Plastics, July 2010 with Dr. Sauceda in Monterrey, Mexico
Thank you for your support, I know that I need to find someone with a food addiction background, I have always know this since I figured out I am having problems, just it is to get my Doctor to find the right person. I did go to followups for the first 6 months but then I need a passport and have not got one for me, plus I have Dr. Dent to follow me up here. Dr. Graber has release me into Dr. Dents care because we knew we would not be going back to the States, which Dr. Graber said was ok.

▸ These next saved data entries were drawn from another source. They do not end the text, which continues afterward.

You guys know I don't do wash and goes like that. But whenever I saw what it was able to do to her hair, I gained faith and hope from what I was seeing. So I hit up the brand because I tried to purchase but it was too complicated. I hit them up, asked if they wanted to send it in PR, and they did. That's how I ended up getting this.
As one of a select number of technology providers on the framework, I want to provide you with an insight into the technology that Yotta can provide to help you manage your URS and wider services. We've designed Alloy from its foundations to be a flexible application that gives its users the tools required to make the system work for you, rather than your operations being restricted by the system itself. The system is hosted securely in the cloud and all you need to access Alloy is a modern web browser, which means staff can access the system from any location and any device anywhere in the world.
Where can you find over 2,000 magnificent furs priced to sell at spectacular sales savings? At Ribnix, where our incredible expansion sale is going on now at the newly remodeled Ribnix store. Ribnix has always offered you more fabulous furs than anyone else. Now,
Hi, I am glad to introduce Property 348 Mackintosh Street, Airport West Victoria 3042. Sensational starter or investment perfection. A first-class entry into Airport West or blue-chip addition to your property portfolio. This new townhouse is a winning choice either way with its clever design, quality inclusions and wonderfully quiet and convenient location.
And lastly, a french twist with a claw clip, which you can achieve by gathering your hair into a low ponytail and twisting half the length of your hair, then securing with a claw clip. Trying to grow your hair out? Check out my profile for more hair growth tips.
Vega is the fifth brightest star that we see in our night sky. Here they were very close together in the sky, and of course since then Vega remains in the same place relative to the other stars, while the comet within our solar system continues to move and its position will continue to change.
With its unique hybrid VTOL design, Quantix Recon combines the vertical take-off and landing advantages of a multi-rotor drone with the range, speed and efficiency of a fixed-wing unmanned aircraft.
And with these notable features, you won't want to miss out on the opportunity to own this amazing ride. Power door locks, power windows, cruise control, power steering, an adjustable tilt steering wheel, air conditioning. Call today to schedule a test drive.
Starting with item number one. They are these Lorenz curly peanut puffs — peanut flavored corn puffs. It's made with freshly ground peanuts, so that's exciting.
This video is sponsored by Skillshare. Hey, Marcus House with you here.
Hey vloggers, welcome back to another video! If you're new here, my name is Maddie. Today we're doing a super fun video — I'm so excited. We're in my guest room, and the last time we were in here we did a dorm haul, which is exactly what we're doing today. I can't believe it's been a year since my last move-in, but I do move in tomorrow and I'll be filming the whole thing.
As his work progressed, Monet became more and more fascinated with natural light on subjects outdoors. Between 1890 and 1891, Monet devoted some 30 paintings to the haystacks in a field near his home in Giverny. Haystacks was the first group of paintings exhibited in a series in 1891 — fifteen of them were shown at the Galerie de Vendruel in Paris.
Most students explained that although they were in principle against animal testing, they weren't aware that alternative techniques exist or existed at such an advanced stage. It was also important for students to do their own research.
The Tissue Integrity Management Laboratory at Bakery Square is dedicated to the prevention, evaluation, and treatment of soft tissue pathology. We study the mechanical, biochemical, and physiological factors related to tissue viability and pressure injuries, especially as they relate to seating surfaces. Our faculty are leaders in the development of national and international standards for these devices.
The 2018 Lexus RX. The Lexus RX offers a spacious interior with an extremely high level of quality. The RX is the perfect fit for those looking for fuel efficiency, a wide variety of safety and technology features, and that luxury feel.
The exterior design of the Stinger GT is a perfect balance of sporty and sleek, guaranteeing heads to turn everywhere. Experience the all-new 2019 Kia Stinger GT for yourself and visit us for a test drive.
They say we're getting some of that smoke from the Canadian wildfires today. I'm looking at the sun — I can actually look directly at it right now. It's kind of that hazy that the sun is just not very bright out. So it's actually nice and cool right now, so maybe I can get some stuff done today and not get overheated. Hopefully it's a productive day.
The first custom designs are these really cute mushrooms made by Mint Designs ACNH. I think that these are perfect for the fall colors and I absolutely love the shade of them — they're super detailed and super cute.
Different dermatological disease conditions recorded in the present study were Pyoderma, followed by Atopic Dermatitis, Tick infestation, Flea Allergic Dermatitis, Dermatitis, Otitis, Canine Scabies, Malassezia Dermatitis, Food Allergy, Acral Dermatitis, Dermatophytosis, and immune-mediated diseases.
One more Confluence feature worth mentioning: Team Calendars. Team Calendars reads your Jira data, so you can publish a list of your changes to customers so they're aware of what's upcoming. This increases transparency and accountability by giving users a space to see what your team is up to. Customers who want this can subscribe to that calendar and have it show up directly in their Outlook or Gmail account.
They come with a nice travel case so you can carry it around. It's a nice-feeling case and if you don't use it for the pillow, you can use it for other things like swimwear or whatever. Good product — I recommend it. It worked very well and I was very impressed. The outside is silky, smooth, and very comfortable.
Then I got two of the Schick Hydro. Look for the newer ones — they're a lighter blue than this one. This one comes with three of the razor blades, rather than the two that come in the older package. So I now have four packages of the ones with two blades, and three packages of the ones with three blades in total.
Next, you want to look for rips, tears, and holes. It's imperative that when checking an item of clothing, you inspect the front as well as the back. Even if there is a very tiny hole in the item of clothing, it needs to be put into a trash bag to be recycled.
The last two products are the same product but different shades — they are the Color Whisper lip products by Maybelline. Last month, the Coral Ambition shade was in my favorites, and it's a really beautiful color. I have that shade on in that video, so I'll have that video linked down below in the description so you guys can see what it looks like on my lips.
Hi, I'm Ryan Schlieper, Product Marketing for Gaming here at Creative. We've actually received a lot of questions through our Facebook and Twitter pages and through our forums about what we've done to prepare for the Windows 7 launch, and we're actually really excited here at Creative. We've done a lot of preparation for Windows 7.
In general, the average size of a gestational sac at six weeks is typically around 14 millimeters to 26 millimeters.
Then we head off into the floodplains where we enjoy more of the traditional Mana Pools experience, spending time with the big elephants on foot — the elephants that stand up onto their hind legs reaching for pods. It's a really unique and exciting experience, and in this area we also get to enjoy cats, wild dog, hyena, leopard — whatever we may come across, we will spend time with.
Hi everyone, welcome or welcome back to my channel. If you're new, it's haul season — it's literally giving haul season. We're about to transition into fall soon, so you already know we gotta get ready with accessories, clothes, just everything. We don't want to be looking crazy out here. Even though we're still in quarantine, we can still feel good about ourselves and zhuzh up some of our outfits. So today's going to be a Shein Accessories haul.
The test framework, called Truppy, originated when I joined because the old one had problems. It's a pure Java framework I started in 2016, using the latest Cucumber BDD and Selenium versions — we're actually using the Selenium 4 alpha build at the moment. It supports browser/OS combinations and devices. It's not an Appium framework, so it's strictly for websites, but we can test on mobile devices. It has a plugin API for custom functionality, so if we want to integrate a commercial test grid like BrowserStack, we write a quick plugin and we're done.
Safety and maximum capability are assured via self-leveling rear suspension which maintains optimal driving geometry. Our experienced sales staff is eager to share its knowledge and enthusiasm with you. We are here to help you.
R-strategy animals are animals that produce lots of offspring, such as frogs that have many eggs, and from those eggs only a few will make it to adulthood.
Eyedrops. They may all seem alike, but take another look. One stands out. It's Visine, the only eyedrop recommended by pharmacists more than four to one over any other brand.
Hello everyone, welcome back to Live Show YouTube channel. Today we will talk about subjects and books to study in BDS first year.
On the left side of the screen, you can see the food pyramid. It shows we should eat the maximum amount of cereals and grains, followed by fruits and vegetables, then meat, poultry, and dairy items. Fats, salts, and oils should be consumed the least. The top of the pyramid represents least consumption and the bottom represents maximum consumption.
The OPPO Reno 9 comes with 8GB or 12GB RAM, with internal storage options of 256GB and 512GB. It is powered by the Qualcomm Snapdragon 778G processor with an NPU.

I know in my heart I want it, have always wanted it, but I also know there is something within myself that is stopping me, from doing it, I know I am finally seeing this, and I am hoping that now that I see this I will finally figure it out. I think I am ready.
Thank you for your reply.
Thank you for your reply
I am pre-op and I'm sure there will be others with much more experience who will contribute Have you tried this? http://www.5daypouchtest.com/ I've heard it mentioned before. I have been seeing a therapist who specializes in eating disordered patients and I highly recommend it. A book that's just come out is Geneen Roth's "Women, Food and God" which is a great resources as well.
You can certainly gain control back if you want to. Do you really want to? It'll mean dealing with whatever is making you eat. Food is your drug of choice, so it's not really about the pouch, it's about how you're dealing with emotional issues.
I think lots of people struggle, so you're not alone. I'm working on this now before I have surgery, anticipating the challenge.
The 5 day pouch test is just like putting a bandaid on the problem. Yes your pouch will shrink because you are not putting much in it, but like any crash diet you go back to bad habits unfortunately.
Sorry I don't mean to be negative, but I have tried it a few times and yes it does work but the effect does not last once you start over filling the pouch again
Thank you for your response. I have that book on order, I am reading everything I can get my hands on to help me stop this eating. I am trying and one thing I know I should have never done and even thought I am having this problem now. I give you this advise, do not try that one thing that you are missing. I know if I never would have tried that first chip I would have been fine, because the first 7 months I did great, but as soon as I went back to the carb and the bad ones, it took over.
Good luck to you with the surgery, Even though I am having this problem, I would never had not had the surgery, because it has help alot in other ways.